With only two weeks to go, David Cameron is showing no sign of changing the basic pragmatism of his approach. He thinks there are many problems with the EU, but leaving will not solve them. He dislikes the European Parliament – it drives him ‘mad’ – but one has to be in it in order to influence it. All of which is perfectly legitimate.
The problem is that this isn’t a general election. It is a once in a generation event, perhaps once in a lifetime, so the argument for ‘better the devil you know’ doesn’t quite cut it. Voters can’t, or shouldn’t, be so easily swayed by the idea of settling until something better comes along. Though doing precisely that is often considered a key conservative tenet, it’s more complicated when you’ve only got one vote to change direction. Indeed, the Leave campaign has argued that there’s no such thing as a vote for the status quo. Britain either strives to grow by itself or else evolves according to the random mutations of the European Union, they say.

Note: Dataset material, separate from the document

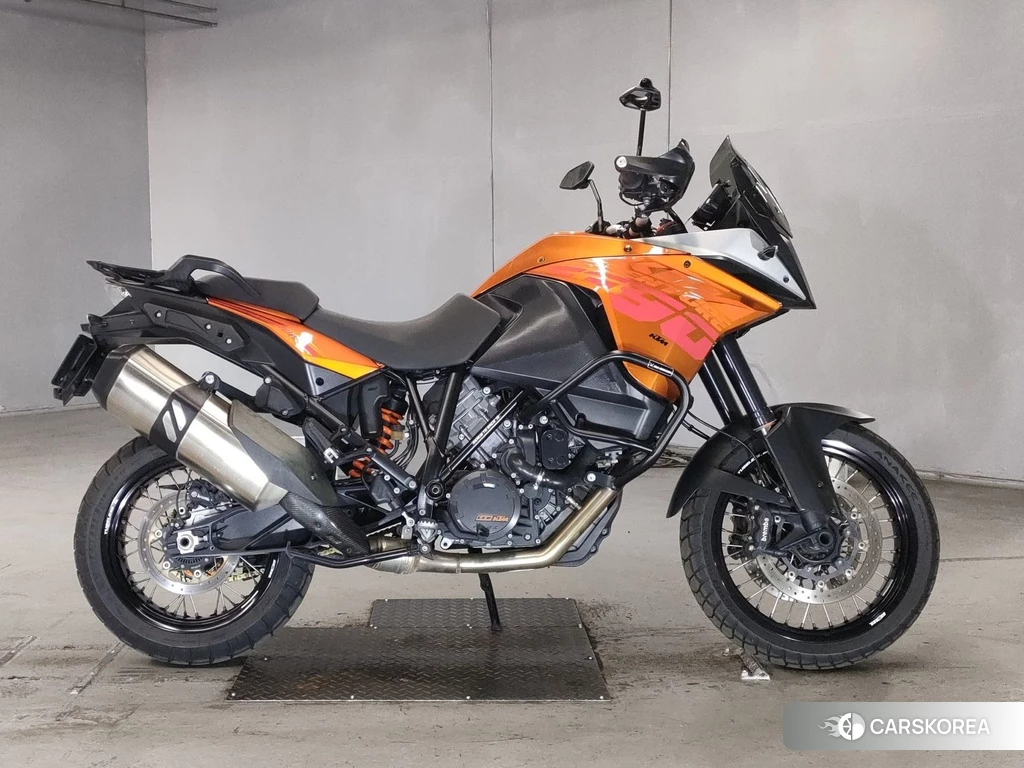 Проданный KTM 1190 ADVENTURE 2014 из Японии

Voters may be choosing the stay in the European Union for the next thirty to fifty years, not just the next five. The future is unclear, and few facts can be forecast. So the Prime Minister needs some arguments of principle for staying in to which he can appeal when the facts change, or don’t turn out the way he’d have liked them to.
In European politics Cameron’s only ideal has been that of reform, through which he has hoped to re-establish a sense of control over the Union’s trajectory. He’s attempted to do this by shifting his party’s alliances in Brussels and Strasbourg. Few Brits know more about the ebbs and flows of the European political process than Edward McMillan-Scott, an MEP for 30 years, and none has been more directly affected by David Cameron’s maneuvers on the continent.
From 1997-2001 Macmillan-Scott was the leader of the Conservative MEPs in the European Parliament, and between 2004-2014 was four times elected one of its Vice-Presidents. In 2009, Conservative MEPs fulfilled a pledge that Cameron had made four years earlier whilst running for his party’s leadership when they defected from the centrist European People’s Party (EPP). They merged with other MEPs, mostly Polish, to form the European Conservatives and Reformists Group (ECR), an assembly of Eurosceptics and anti-federalists whom Nick Clegg memorably termed “a bunch of nutters, homophobes, anti-Semites and climate-change deniers”.
A lifelong pro-European, McMillan-Scott objected to the move, and in the year of its making successfully stood as an independent Vice-President against the ECR’s own nominee, Polish MEP Michal Kaminski, whom he’d discovered to have past links with an extremist group in his home country. He was expelled from the Conservative Party as a result by William Hague and joined the Liberal Democrats in 2010.
I spoke to MacMillan-Scott about the Conservative Party’s relationship with Europe, who reminded me that Cameron is really confronting a legacy left by Thatcher. In 1988, the Iron Lady made a speech in Bruges that defined what she wanted from the European Union. She stated five guiding principles: ‘willing cooperation between sovereign states’; ‘encouraging change’; ‘Europe open to enterprise’; ‘Europe open to the world’; ‘Europe and defence’.
Distilled and summarized, the speech objected to the concentration of power in Brussels, urged dogmatic policies to be abandoned in favour of practical problem solving, championed free markets over central planning, opposed regulations that would rigidify Europe’s labour market, argued for border controls, denounced protectionism and upheld NATO as the real defence of the West.
At a time when the shape of the European political landscape was under fundamental dispute, the Bruges Speech constituted a clear British vision of what it should look like, and many British politicians, especially in the Conservative party, have never lost sight of it. It formed the backbone of Thatcher’s opposition to then president of the European Commission Jacques Delors, and spawned the creation of the Bruges Group, a think-tank that has spread its word as gospel ever since.
Almost thirty years on, many of its disciples have lost their faith, and feel that Delors’ dream of political integration has won at the expense of Thatcher’s vision for economic cooperation. For such people, there is nothing that David Cameron could have brought back from his negotiations that would have been satisfactory. They’re not interested in the semantics of European political diplomacy because they refuse to speak a language that’s lost all meaning to them. They simply want out. Can’t the Prime Minister offer them anything better than profound disappointed if Remain wins?
One of Edward McMillan-Scott’s great regrets is that over the course of a thirty-year career in European politics, he has not heard one Tory – barring John Major – make a speech in favour of the EU. This is what David Cameron should do. He has so far only recommended that the British people indefinitely remain a reluctant member of an imperfect organization.
The Prime Minister’s 2013 ‘Bloomberg Speech’ serves only to remind people that his renegotiations were a failure. His grand reforming ambitions reformed almost nothing. He needs a Bruges Speech of his own – perhaps a ‘Brussels Speech’ – to tell us why it’s worth staying in the EU for the next thirty years in spite of this, and what he envisions Britain’s role in the world to be:
- What does opting out of ‘ever closer Union’ actually opt the UK out of?
- Does he believe in limited immigration, and if so how would he push for it within the EU?
- Has the definition of sovereignty really changed due to globalization?
- Or does the ‘shared and extendable’ version only apply to medium-sized economies?
- If so, does this amount to an admission that Britain relies on the EU to be a world power?
- Why is it worth prioritizing the single market over emerging and faster growing economies?
- Does the United Kingdom have a responsibility to lead the European Union through its darkest house?
David Cameron will be gone in four years time, if not before, but the European Union he wants us to remain a part of will still be here. He needs to answer the questions that people will still be asking beyond his final term in office.